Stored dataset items
+--
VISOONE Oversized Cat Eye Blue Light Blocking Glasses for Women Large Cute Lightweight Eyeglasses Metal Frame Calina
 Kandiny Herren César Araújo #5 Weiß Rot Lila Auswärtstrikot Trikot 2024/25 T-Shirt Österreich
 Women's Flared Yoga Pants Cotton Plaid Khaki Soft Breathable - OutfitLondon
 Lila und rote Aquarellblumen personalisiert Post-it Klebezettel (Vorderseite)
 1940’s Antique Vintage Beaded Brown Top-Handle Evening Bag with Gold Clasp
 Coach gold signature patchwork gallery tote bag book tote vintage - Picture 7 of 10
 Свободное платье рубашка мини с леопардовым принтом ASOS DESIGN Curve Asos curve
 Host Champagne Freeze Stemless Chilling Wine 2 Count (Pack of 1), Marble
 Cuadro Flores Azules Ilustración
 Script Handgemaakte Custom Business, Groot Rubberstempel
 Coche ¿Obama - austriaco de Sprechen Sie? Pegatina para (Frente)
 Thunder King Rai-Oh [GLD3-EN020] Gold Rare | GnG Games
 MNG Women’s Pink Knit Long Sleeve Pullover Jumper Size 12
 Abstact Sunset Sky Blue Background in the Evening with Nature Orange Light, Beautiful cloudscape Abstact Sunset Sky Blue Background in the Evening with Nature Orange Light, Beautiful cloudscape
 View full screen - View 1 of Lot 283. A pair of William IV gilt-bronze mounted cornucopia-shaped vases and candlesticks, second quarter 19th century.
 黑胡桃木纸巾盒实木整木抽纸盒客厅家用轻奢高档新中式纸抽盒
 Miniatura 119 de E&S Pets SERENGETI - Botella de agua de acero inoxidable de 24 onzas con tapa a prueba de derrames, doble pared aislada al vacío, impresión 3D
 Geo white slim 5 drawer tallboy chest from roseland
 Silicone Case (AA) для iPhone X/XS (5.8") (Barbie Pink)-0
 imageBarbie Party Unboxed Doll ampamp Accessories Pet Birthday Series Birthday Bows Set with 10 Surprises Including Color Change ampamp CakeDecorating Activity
+--
• **PROBLEM TO WORK ON**
Look above for the line holding "Kandiny Herren César". Print it and every line after it, exactly, through the line holding "Lila und rote".

• **RESPONSE AREA**
 Kandiny Herren César Araújo #5 Weiß Rot Lila Auswärtstrikot Trikot 2024/25 T-Shirt Österreich
 Women's Flared Yoga Pants Cotton Plaid Khaki Soft Breathable - OutfitLondon
 Lila und rote Aquarellblumen personalisiert Post-it Klebezettel (Vorderseite)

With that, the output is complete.